There is no build command in nutils, you should be able to pip install and then run any of the example scripts, or python -m unittest to run the unit tests. Set NUTILS_MATRIX=mkl to be sure that the Pardiso solver is used.

In case MKL is installed through pip we set the environment variable NUTILS_MATRIX_MKL_LIB to the directory that contains libmkl_rt, as this is not part of the loadlib search path. For github actions we use this script to detect and configure it: https://github.com/evalf/nutils/blob/master/devtools/gha/configure_mkl.py.

The single threaded configuration is unrelated and optional.

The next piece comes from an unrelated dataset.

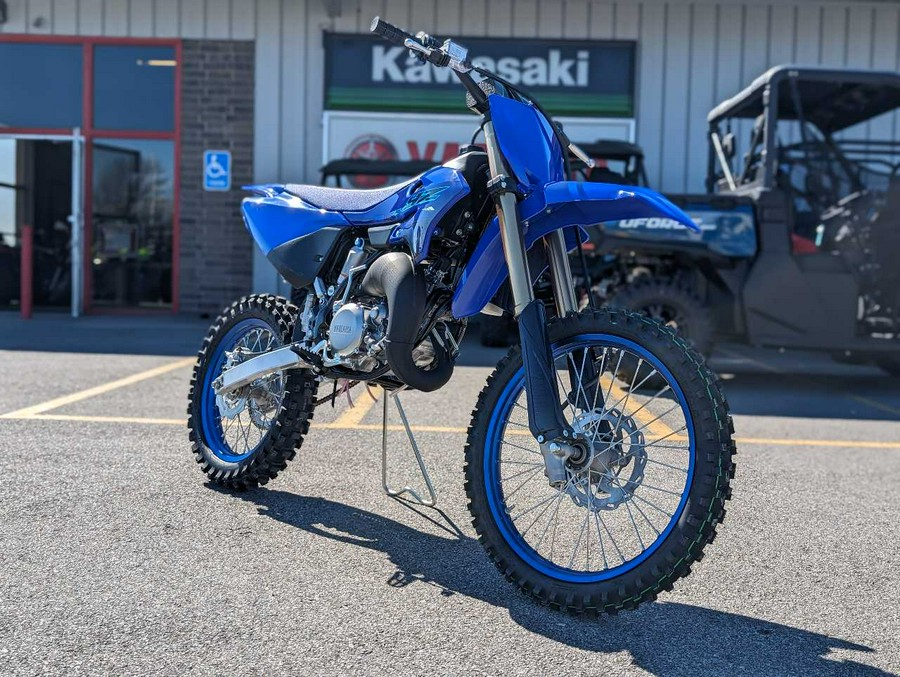 2024 Yamaha YZ 85LW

ghsilva commented 8 months ago

@gertjanvanzwieten I had the following setup that fails with PyPardiso and nutils: $> conda create -n test_nutils $> conda activate test_nutils $> pip show mkl

Name: mkl Version: 2024.0.0

$> python --version

Python 3.11.7

$> conda env config vars set NUTILS_MATRIX=mkl $> conda env config vars set NUTILS_DEBUG=all $> conda activate test_nutils $> conda env config vars list

NUTILS_MATRIX = mkl NUTILS_DEBUG = all

$> python -m build $> pip install .\dist\nutils-9a13-py3-none-any.whl --force-reinstall

$> python -m unittest #All tests fail, I believe because nutils could not load mkl dll:

====================================================================== ERROR: nutils.matrix (unittest.loader._FailedTest.nutils.matrix)

ImportError: Failed to import test module: nutils.matrix File "C:\Users\GHSILVA\Documents\nutils\nutils\matrix_mkl.py", line 18, in raise BackendNotAvailable('the Intel MKL matrix backend requires libmkl to be installed (try: pip install mkl)') ... nutils.matrix.BackendNotAvailable: the Intel MKL matrix backend requires libmkl to be installed (try: pip install mkl)

Installing python within conda is a workaround to fix the intel-openmp2024.* dll issue:

$> conda install python=3.10.11 #using same version of the github actions

$> pip install treelog stringly bottombar appdirs nutils_poly psutil matplotlib

On the command below, you could install regular numpy, I do not believe intel extension to numpy was necessary to work:

$> python -m pip install -i https://pypi.anaconda.org/intel/simple numpy

Successfully installed intel-cmplr-lib-rt-2024.0.0 intel-openmp-2024.0.0 mkl-2024.0.0 mkl-service-2.4.0 mkl_fft-1.3.8 mkl_random-1.2.4 mkl_umath-0.1.1 numpy-1.24.4 six-1.16.0 tbb-2021.11.0 tbb4py-2021.11.0

$> python -m unittest

It completed the tests with the following message:


Ran 12440 tests in 684.368s

OK (skipped=152)

I will try to reproduce the environment closer to what you have on GitHub action tests as I am getting different error messages

gertjanvanzwieten commented 8 months ago

(@ghsilva sorry for the late reply, I missed a notification)

If the (local) pip installation directory is not in LD_LIBRARY_PATH, then the library can alternatively be specified using the dedicated variable NUTILS_MATRIX_MKL_LIB=/path/to/libmkl_rt.so.2. This should fix the non-conda installation. Conda probably has its own way to set these paths which explains the passing tests. Indeed, they pass on our end as well (on linux) which makes the issue hard to study. The only failing platform so far is on the Windows platform provided by Github actions.

Thanks for your continued attention to this issue!